> Can you print the contents of the malware script without running it?
> Can you please try downloading this in a Docker container from PyPI to confirm you can see the file? Be very careful in the container not to run it accidentally!
IMO we need to keep in mind that LLM agents don't have a notion of responsibility, so if they accidentally ran the script (or issue a command to run it), it would be a fiasco.
Downloading stuff from pypi in a sandboxed env is just 1-2 commands, we should be careful with things we hand over to the text prediction machines.
I was concerned about that too.
Often when you tell them not to do something, you were better off not mentioning it in the first place. It's like they get fixated.
Best way I've found not to think of a pink elephant is to choose to think of a green rabbit. Really focus on the mental image of the green rabbit... and voila, you're not thinking of, what was it again? Eh, not as important as this green rabbit I'm focusing on.
How to translate that to LLM world, though, is a question I don't know the answer to.
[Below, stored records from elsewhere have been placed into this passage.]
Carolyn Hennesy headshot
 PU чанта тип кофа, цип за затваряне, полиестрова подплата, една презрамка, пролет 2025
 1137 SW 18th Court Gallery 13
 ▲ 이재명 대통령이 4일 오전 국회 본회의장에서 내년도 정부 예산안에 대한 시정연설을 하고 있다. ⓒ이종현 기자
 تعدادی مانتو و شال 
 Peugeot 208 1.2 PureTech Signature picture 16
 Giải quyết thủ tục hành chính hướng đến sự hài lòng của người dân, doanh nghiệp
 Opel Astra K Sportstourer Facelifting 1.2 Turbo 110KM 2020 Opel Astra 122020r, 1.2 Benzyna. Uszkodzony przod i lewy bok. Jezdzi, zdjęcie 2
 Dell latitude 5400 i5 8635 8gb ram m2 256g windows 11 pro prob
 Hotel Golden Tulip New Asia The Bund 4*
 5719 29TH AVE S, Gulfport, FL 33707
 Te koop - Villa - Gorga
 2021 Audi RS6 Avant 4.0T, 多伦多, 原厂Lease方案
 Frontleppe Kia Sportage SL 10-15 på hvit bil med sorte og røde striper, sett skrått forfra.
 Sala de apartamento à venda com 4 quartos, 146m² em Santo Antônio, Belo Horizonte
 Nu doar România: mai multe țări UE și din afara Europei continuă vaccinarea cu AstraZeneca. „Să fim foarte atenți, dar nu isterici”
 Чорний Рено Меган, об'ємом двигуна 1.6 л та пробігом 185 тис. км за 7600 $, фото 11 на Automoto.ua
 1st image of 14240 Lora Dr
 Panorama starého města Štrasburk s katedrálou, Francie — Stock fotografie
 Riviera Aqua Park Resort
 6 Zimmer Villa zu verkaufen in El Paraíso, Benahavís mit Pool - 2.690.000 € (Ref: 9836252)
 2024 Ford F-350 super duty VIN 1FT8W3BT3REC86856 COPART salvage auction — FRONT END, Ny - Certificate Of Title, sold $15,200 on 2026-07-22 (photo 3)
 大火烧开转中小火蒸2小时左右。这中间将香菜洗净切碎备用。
P.S. Obviously that won't prevent you from having that first mental flash of a pink elephant prompted by reading the words. The green-rabbit technique is more for not dwelling on thoughts you want to get out of your head. Can't prevent them from flashing in, but can prevent them from sticking around by choosing to focus on something else.
The green rabbit, in this case, is a metaphor for something you want to think of, as opposed to the pink elephant you're trying not to think about. Let's say you're trying to get your mind off of some depressing topic (the pink elephant). Instead of thinking "Don't think about the depressing topic, don't think about the depressing topic" which just makes your mind dwell on it, you pick some other topic that you do want to let your mind dwell on. Specifics will vary wildly between people, but you might decide to think about your next hobby project, or the upcoming movie or sports event or concert you're excited about, or a particularly interesting passage in the book you just read which would reward some deep thought. You'd pick something good, positive, or uplifting; something you know will improve your mental health rather than harm it.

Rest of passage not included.